In your news article or book, is it ok to include a photo or a video from a press release without permission – by of course crediting the firm that has issued that press release?

  • The important point is to credit the thing. Then, it's fine.
    – Lambie
    Commented May 28 at 16:54

2 Answers 2


Always presume NO.

"Crediting" somebody or some firm does not excuse your copyright violation; and can in fact work against you in a court of law; it is proof that you knew the material was not yours.

The press release is copyrighted. When the company sends it to news outlets, it is implicitly giving them the right to copy and publish it.

You reading it or seeing it does not give you the right to copy it, or any portion of it.

Never ever guess that something you read, see or even hear (like music or lyrics) is free to copy.

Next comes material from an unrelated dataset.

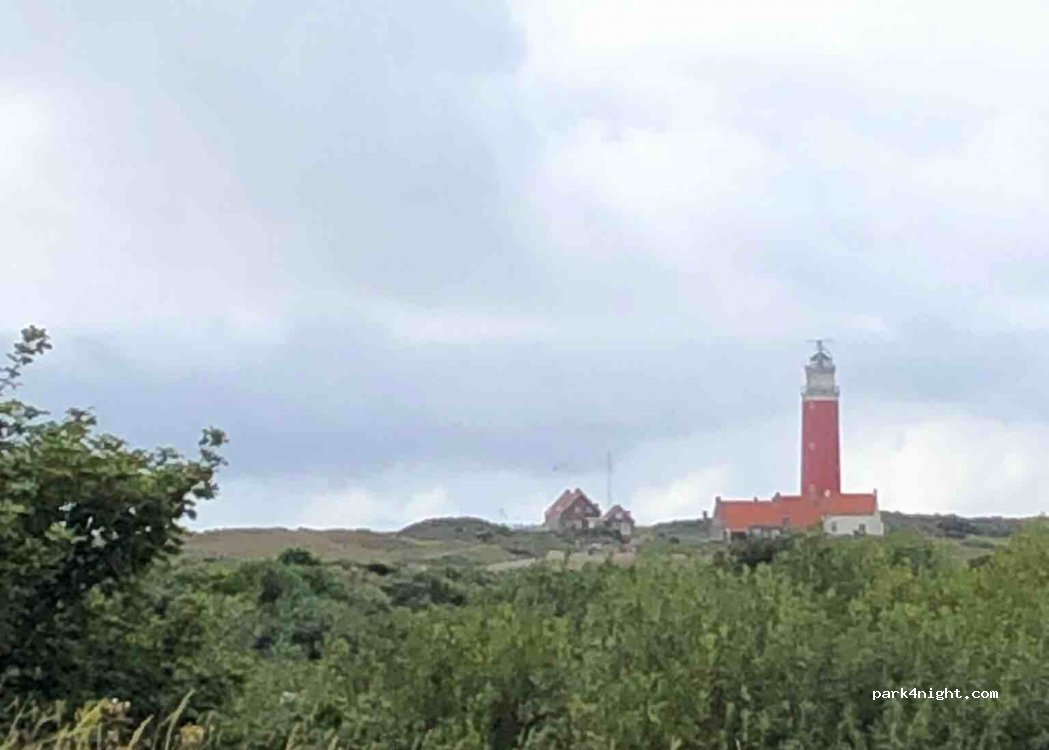 (1795 LH) De Cocksdorp - 2 Volharding — foto 2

Look up and read the copyright law, and know what is public domain, and what is not. They are not difficult to understand.


If your usage falls under the fair use doctrine or whatever corresponds to it in your jurisdiction (e.g. you are analysing the press release in a scientific study of press releases), you are probably fine. "Examples of fair use in United States copyright law include commentary, search engines, criticism, parody, news reporting, research, and scholarship." (from the linked Wikipedia article)

If, on the other hand, you use the creative effort of others for illustrative or aesthetic purposes, you will need permission. Copyright applies to press releases as well!

In unclear cases, you need to consult a lawyer. We are all laypeople here, and we cannot (nor are we allowed to) provide legal counsel.